WORK TO COMPLETE: Nothing but the lines from the one holding "theryujinpics's tweet image." to the final line of the listing below, both included, should be repeated, and each must match exactly. Omit pictures.

THE RECORDS:
+ + +

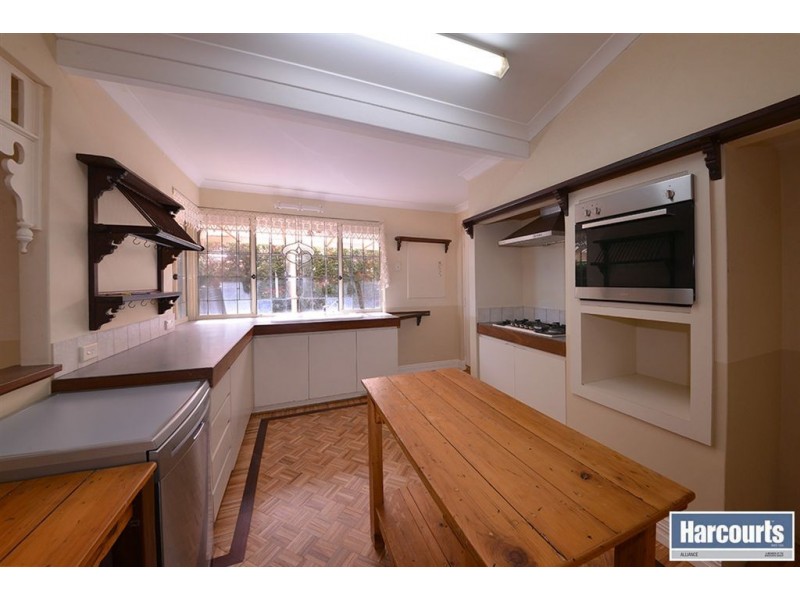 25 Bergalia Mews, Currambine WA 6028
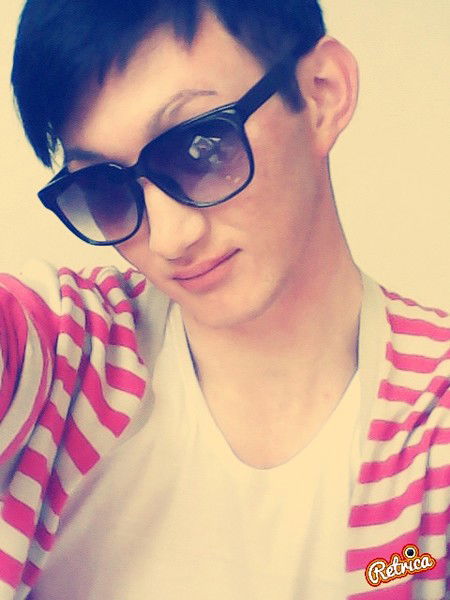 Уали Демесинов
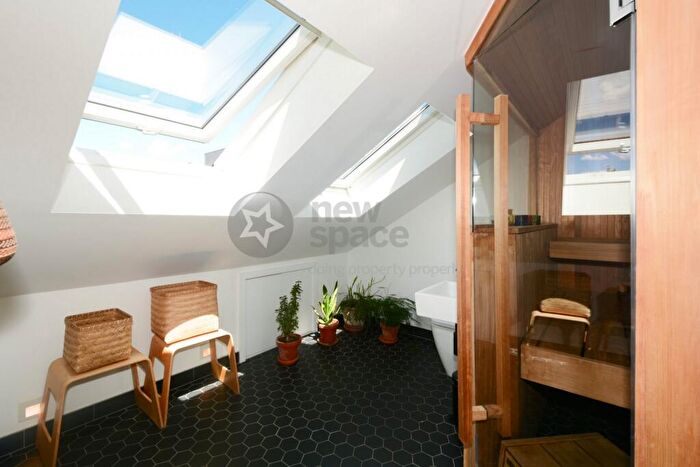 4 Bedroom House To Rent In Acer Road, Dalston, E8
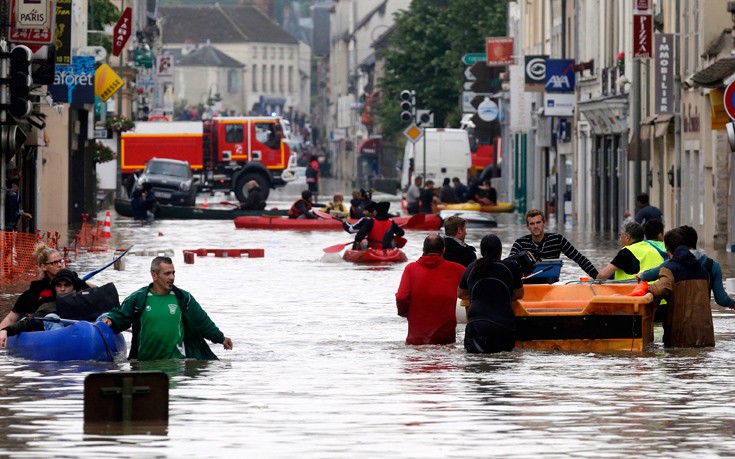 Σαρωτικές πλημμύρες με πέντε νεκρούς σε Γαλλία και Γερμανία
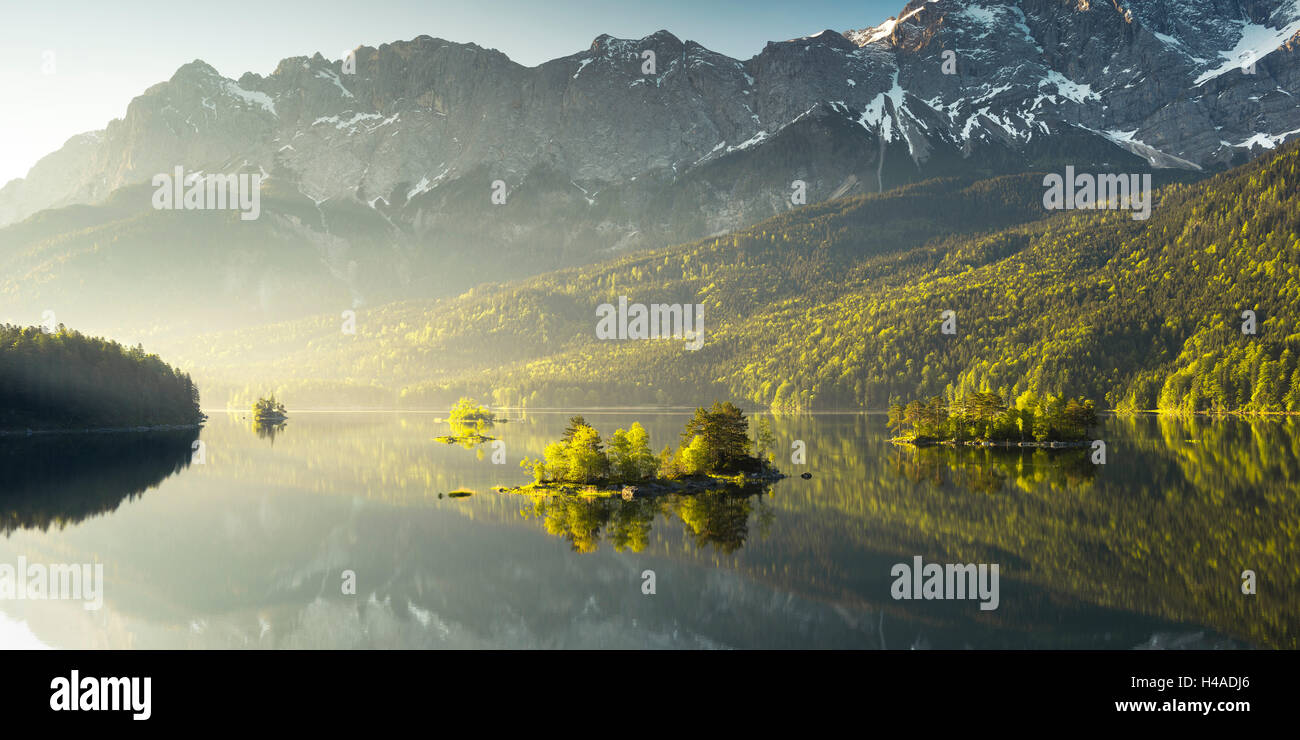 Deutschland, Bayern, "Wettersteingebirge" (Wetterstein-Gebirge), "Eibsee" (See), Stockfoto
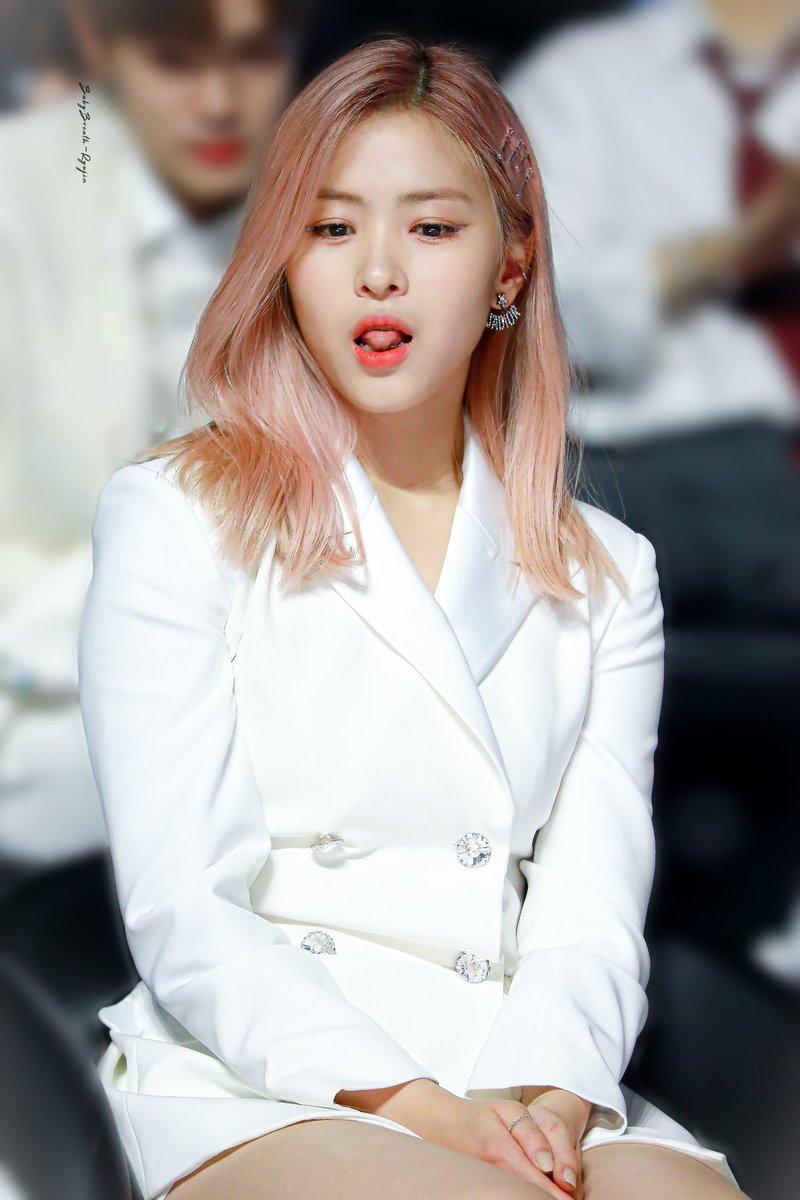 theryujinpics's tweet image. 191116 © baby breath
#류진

+ + +

TASK RESPONSE:
 theryujinpics's tweet image. 191116 © baby breath
#류진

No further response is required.